Ses amis les plus proches, ceux de l’université, ceux des sorties bière, allaient-ils croire ce qu’il avait à leur révéler ? Lui garderaient-ils leur amitié ?
« 多多益善 ( duōduō yìshàn, abondance de biens ne nuit pas)» avait dit son père en lui tapotant l’épaule après lui avoir révélé être à la tête d’une fortune de plusieurs dizaines de millions de yuan quand son fils le pensait endetté et luttant quotidiennement pour maintenir son entreprise à flot. Depuis l’obtention de son diplôme, plusieurs mois auparavant, Zhang Zilong ne ménageait pas sa peine pour décrocher des entretiens et se faire embaucher. Son idée fixe ? Aider sa famille à rembourser les dettes. Il parlait de ça avec ses amis, et aussi de la difficulté à trouver un emploi, de la pression folle qu’il sentait peser sur ses épaules, des jobs rêvés et la dure réalité du marché du travail avec un taux de chômage des jeunes qui avoisine les 20%. Tous, depuis l’enfance, ont enchaîné les cours particuliers les soirs et les week-ends, étudié sans relâche pour rentrer dans les bonnes écoles publiques, dans les lycées réputés, avoir un bon classement au gaokao (baccalauréat chinois), accéder aux meilleures universités. Étudier, étudier sans relâche et tout ça pour quel résultat ? Des salaires de misère, des journées de travail de 16h, pas de week-ends, des ambitions sérieusement revues à la baisse. Et puis, pour lui, alors qu’il commençait à baisser les bras après de longs mois de recherche infructueuse, le conte de fées : son père lui propose de rentrer dans l’entreprise familiale et lui apprend qu’il est multimillionnaire.

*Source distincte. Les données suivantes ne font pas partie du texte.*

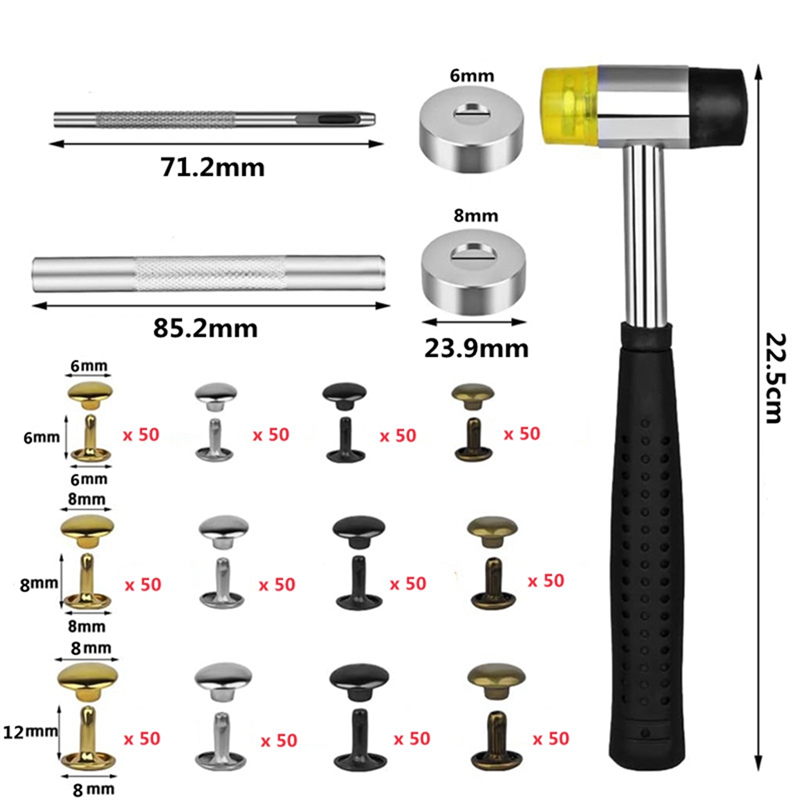 Leather Tooling Kit - ABWP-Rivets en cuir, 600 rivets multicolores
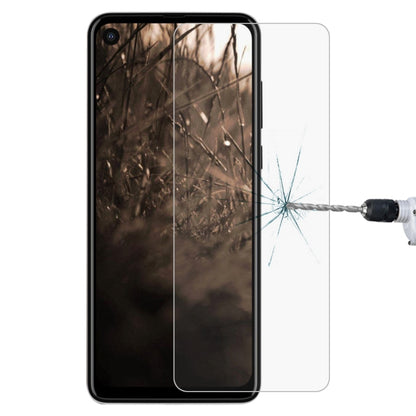 Clear 2.5D tempered glass screen protector film on smartphone screen, crack visible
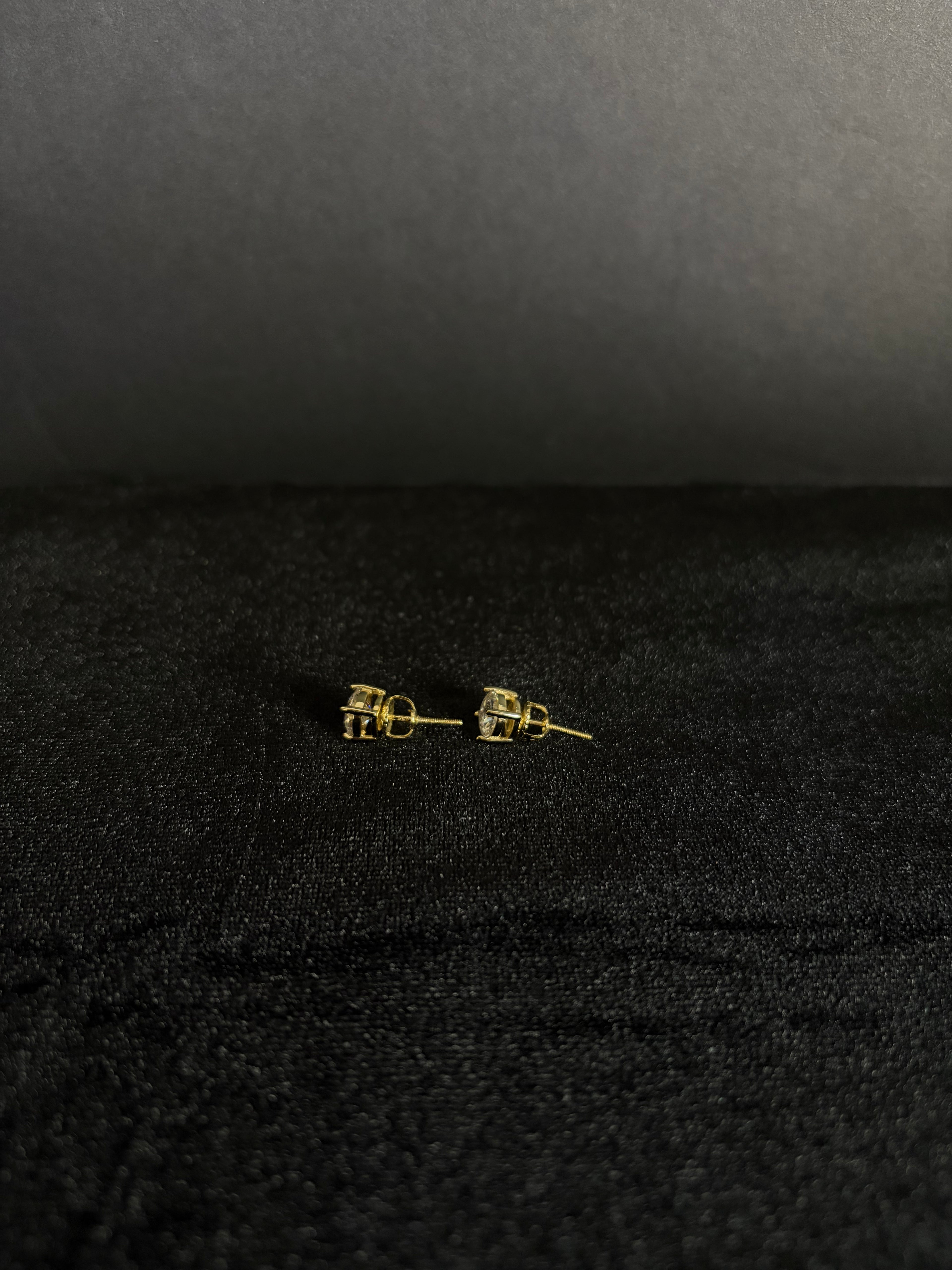 6.5 mm gold-plated sterling silver moissanite studs — setting and post detail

– « Moi aussi j’aimerais bien que mes parents m’annoncent un trésor caché sous un matelas ! » avait réagi l’un du petit groupe lorsqu’un vendredi soir, prenant son courage à deux mains, Zhang Zilong leur avait tout raconté. Un autre ouvrait de grands yeux :
– C’est vraiment sérieux ton histoire ?
– Tu n’avais vraiment aucune idée du succès de Mala Wangzi ? a réagi le troisième.
Zhang senior avait fondé Mala Wangzi ou Mala Prince une vingtaine d’années auparavant, une entreprise qui fabriquait des latiao, ces bâtonnets épicés au blé, spécialité du Hunan, l’un des snacks favoris des Chinois. Comment soupçonner une telle fortune quand le père n’a que le mot « dettes » à la bouche, quand on habite comme tout le monde dans un petit appartement, quand on ne bénéficie d’aucun passe-droit pour rentrer dans le lycée réputé de Changsha, quand on porte les mêmes vêtements que tout le monde ?
Son père avait tout fait pour éviter que son fils ne devienne un fu er dai, ces enfants des nouveaux riches gâtés pourris dont l’indécence fascine les réseaux sociaux et agace le pouvoir. Il souhaitait que Zilong apprenne ce que travailler veut dire. Alors, pendant les vingt premières années de son fils, il lui a tout dissimulé. Et s’il l’a embauché dans l’entreprise familiale, Zilong y est traité comme n’importe quel employé. Pas de passe-droit, pas de favoritisme, l’entreprise ne lui reviendra que s’il démontre avoir les capacités nécessaires pour la diriger.
Maintenant que des inconnus le suivent par milliers sur les réseaux sociaux, que les portes s’ouvrent comme par miracle, que les filles se montrent si empressées, Zilong remercie son père. Ses amis l’ont cru, continuent de partager avec lui leur quotidien et cela n’a pas de prix. Oui, on peut tout acheter avec de l’argent mais difficile de démêler l’authentique de l’intéressé. Avec ses amis, là, autour d’une bière et de latiao bien épicés, il savoure la vraie richesse.
Par Marie-Astrid Prache
NDLR: Notre rubrique « Petit Peuple » dont fait partie cet article raconte l’histoire d’une ou d’un Chinois(e) au parcours de vie hors du commun, inspirée de faits rééls.
2 Commentaires
severy
14 janvier 2025 à 04:03Très bonne histoire bien morale.
Que signifie « démêler l’authentique de l’intéressé »?
Sarah Michel
14 janvier 2025 à 18:01Merci pour votre gentil message. « Démêler l’authentique de l’intéressé », dans ce cas, faire la différence entre les amitiés réelles et celles uniquement motivées par l’argent.